# DRG Question...



## BCrandall (Apr 23, 2010)

Anybody have some experiance with DRG's? I have a patient that had a shoulder scope with rotator cuff repair, extensive debridement, claviculectomy and suprascapular neuroplasty. Patient had diabetes with a pump, major cardio history and became unresponsive during their stay due to overmedication.
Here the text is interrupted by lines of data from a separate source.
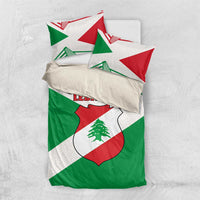 Lebanon Flag Shield Bedding Set with Cedar Emblem and National Colors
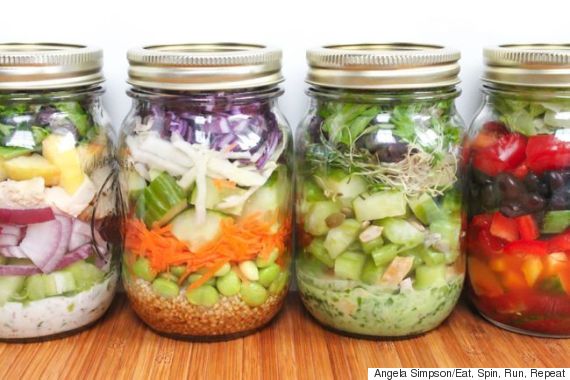 mason jar salads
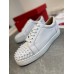 Christian Louboutin Men's Louis Junior Spikes Orlato Flat Sneakers Olive Christian Louboutin Men's Louis Junior Spikes Orlato Flat Sneakers Olive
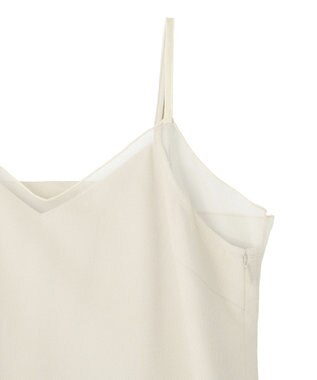 earth music&ecology SET2点チュール＆キャミワンピース Ecru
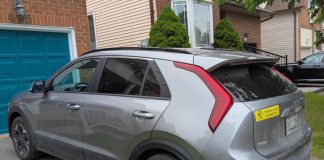 Electric vehicle (EV) drivers don't need worry about the price of gas. At the third annual Home Energy and EV Expo on May 23, 2026 at the McDonnel Street Activity Centre, visitors will have the opportunity to test drive an EV. (Photo: Clara Blakelock / GreenUP)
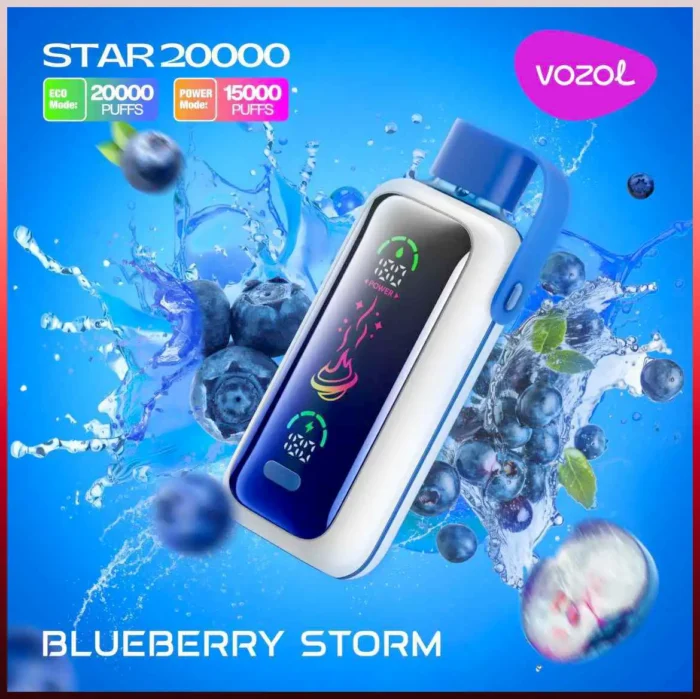 VOZOL Star 20000 Puffs Price in Dubai BLUEBERRY STORM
My software gives me 497, I'm looking at 512 or 502. Any ideas?

Now if I can just figure out how to put the DRG on the bill!


----------



## mitchellde (Apr 23, 2010)

you do not put the DRG on the claim.  The software will assign your claim to a DRG based on you dxs.  If you are using 3M there is a DRG maximizer function that will guide you thru diagnosis placement to get the maximum DRG allowed.  However you must also follow coding guidelines.  Was the pt admitted due to the overmedication?  if so you principle dx is poisoning followed by the unresponsiveness.  If the patient was admitted for other reasons the the reason for the admit is first followed by the poisoning and the result.  So the difference in DRG assignment may be how you are looking at the principle dx.


----------



## BCrandall (Apr 23, 2010)

mitchellde said:


> you do not put the DRG on the claim.  The software will assign your claim to a DRG based on you dxs.  If you are using 3M there is a DRG maximizer function that will guide you thru diagnosis placement to get the maximum DRG allowed.  However you must also follow coding guidelines.  Was the pt admitted due to the overmedication?  if so you principle dx is poisoning followed by the unresponsiveness.  If the patient was admitted for other reasons the the reason for the admit is first followed by the poisoning and the result.  So the difference in DRG assignment may be how you are looking at the principle dx.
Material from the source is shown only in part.